■ **Records for the task**
*** Begin section ***

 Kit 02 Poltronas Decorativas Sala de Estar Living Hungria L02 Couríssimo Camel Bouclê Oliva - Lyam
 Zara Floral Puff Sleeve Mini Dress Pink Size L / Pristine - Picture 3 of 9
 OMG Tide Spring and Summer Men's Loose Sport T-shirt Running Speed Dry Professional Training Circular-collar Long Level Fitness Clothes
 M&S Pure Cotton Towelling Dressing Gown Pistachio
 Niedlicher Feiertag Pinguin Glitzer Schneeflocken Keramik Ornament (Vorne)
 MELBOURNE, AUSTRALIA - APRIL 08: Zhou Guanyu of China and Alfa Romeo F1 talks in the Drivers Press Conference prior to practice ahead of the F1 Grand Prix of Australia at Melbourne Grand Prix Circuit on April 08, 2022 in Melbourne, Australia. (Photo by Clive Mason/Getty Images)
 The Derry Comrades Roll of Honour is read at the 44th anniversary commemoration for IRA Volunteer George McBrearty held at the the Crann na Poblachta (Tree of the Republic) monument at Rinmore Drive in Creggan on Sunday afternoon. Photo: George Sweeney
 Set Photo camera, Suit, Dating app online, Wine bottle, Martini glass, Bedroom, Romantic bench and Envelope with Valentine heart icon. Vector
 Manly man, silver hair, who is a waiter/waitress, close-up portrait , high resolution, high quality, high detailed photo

*** End section ***
*** Begin section ***

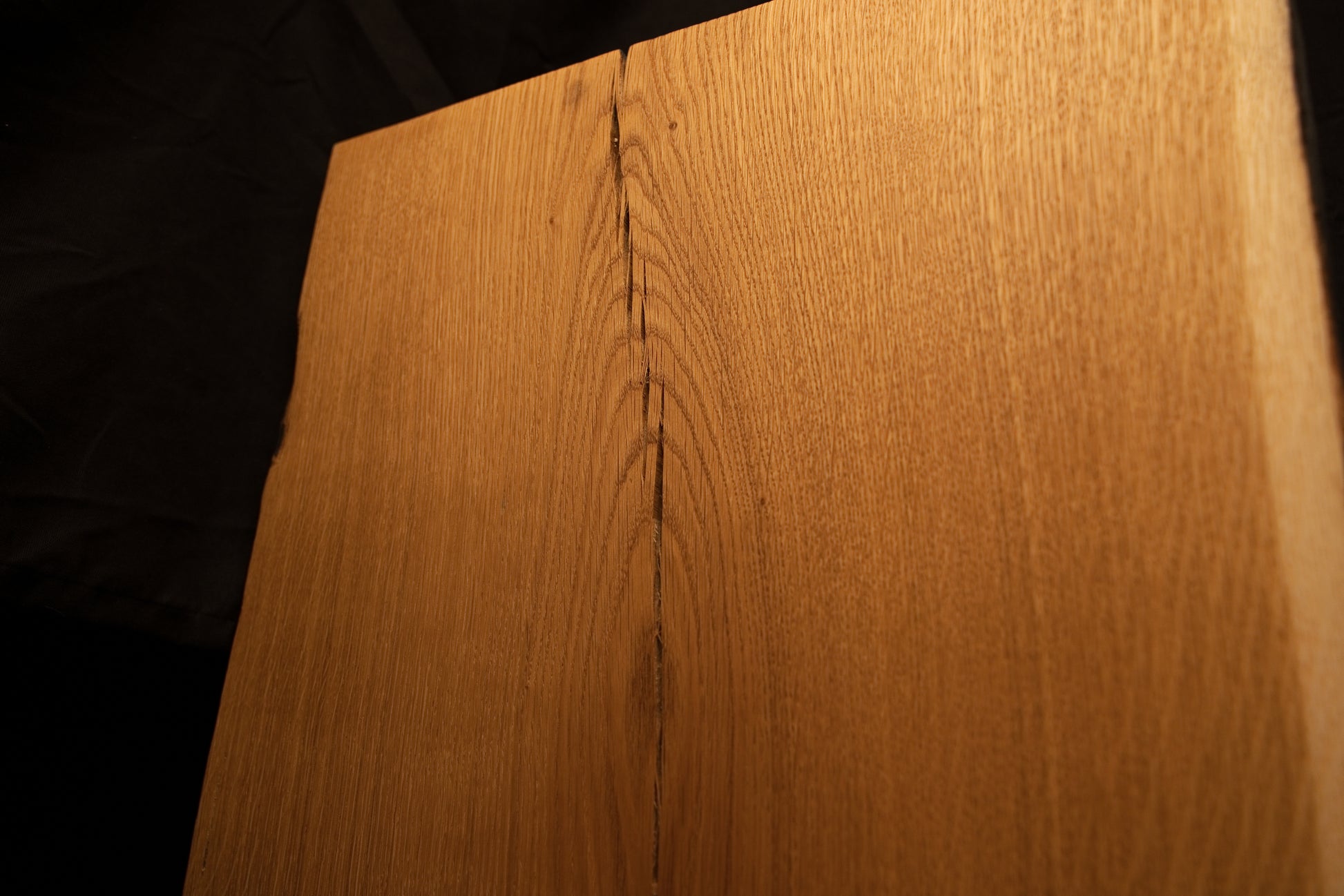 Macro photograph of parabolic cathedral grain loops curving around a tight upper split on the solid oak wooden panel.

*** End section ***
*** Begin section ***

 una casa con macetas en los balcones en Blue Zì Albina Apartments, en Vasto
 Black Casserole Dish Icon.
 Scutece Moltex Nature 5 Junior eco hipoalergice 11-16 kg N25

*** End section ***

Of all the entries above, repeat only the lines from the line that has "Black Casserole Dish Icon." to the line that has "Scutece Moltex Nature", both lines included, exactly.

■ **Answer space**
 Black Casserole Dish Icon.
 Scutece Moltex Nature 5 Junior eco hipoalergice 11-16 kg N25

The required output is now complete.